Samuel presents Saul

KING                  I Samuel 8 and Deuteronomy 17:14-20

(outline from Raymond Brown and some ideas from Colin Smith)

As Samuel, the prophet, reaches his final years, the people of Israelite renewed their call for a king.  They wanted to be like other nations.  We find this account in I Samuel 8.  Samuel felt rejected but God reminded Samuel that it is God that is being rejected (1 Sam 8:7).  God agreed to give the Israelites their desire and Saul was anointed as king (I Sam 10:1).

Samuel reminded the people of all of the bad things kings do (see I Sam 8:10-18).

Interesting Deuteronomy 16-18 had already defined the criteria for various categories of leader: judge, king, priest, and prophet.   Deuteronomy even anticipated that the people will want a king (17:14).

  • The king must be anointed by God.  The king must not be pretentious. —  “be sure to appoint over you the king the LORD your God chooses” (15).
  • The king must belong to God’s people. – “He must be from among your own brothers. Do not place a foreigner over you, one who is not a brother Israelite” (15).
  • The king must not be afraid. — “The king, moreover, must not acquire great numbers of horses for himself or make the people return to Egypt to get more of them” (16).
  • The king must not be disloyal. – “He must not take many wives, or his heart will be led astray” (17).
  • The king must not be materialistic. – “He must not accumulate large amounts of silver and gold” (17).
  • The king must not be ignorant — “When he takes the throne of his kingdom, he is to write for himself on a scroll a copy of this law, taken from that of the priests, who are Levites.  It is to be with him, and he is to read it all the days of his life . . .” (18-19).
  • The king must not be disobedient. — ” . . . so that he may learn to revere the LORD his God and follow carefully all the words of this law and these decrees and not . . . turn from the law to the right or to the left (19-20).
  • The king must not be proud. – “ . . . and not consider himself better than his brothers” (20).
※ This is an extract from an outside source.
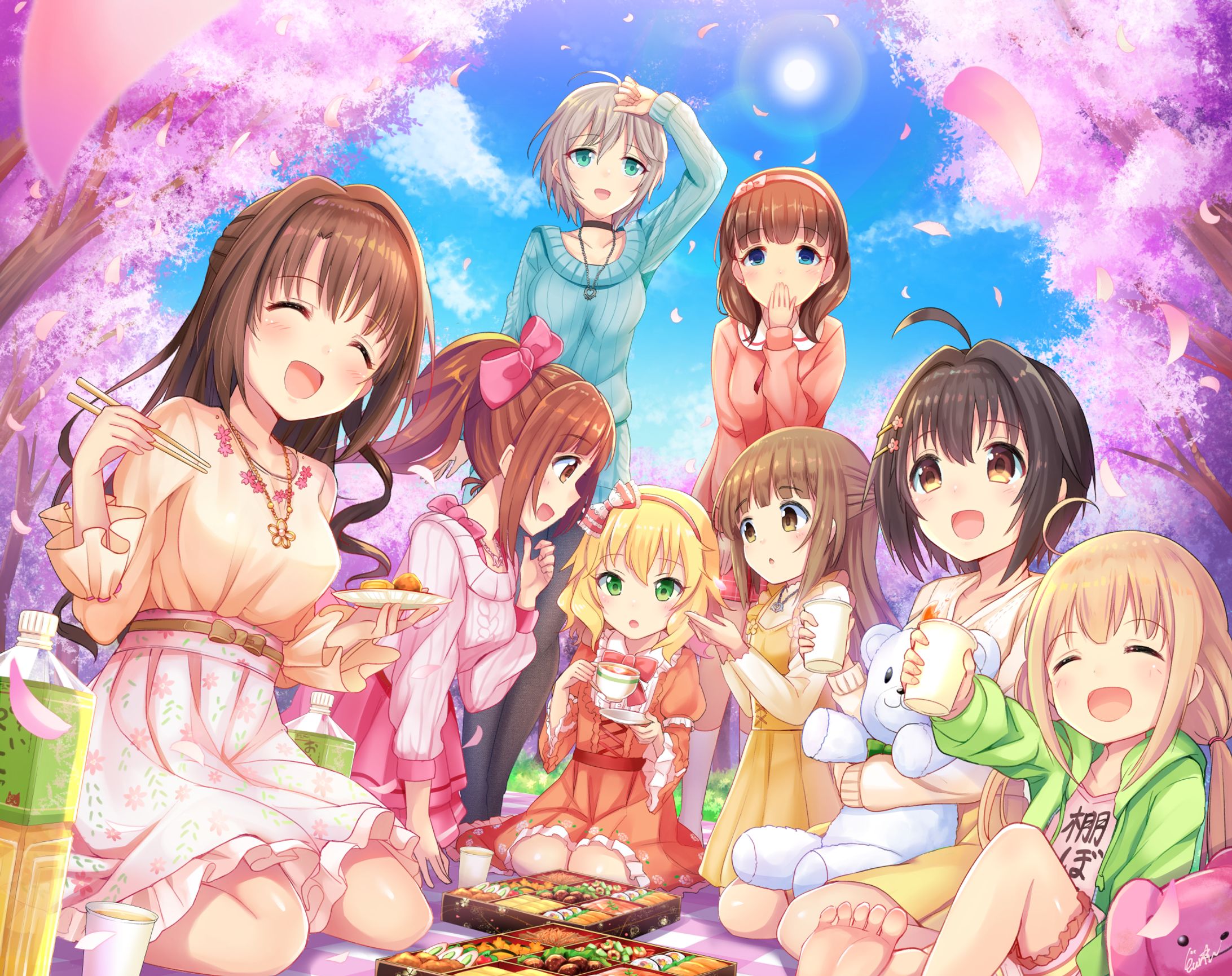 満開スマイル＆桜の風-1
New Testament leadership parallels:

  • (Mark 10:45 NIV)  For even the Son of Man did not come to be served, but to serve, and to give his life as a ransom for many.”
  • (Phil 2:7 NIV)  but [Jesus] made himself nothing, taking the very nature of a servant, being made in human likeness.

What does contemporary leadership look like?

What kind of leaders do we need?

We need leaders that God chooses; that are committed to His truth and His word; that value God’s will over alliances of religion, military might, money, or family;  that are obedient to God’s direction; and that are not proud but willing to humble themselves before others and God’s truth.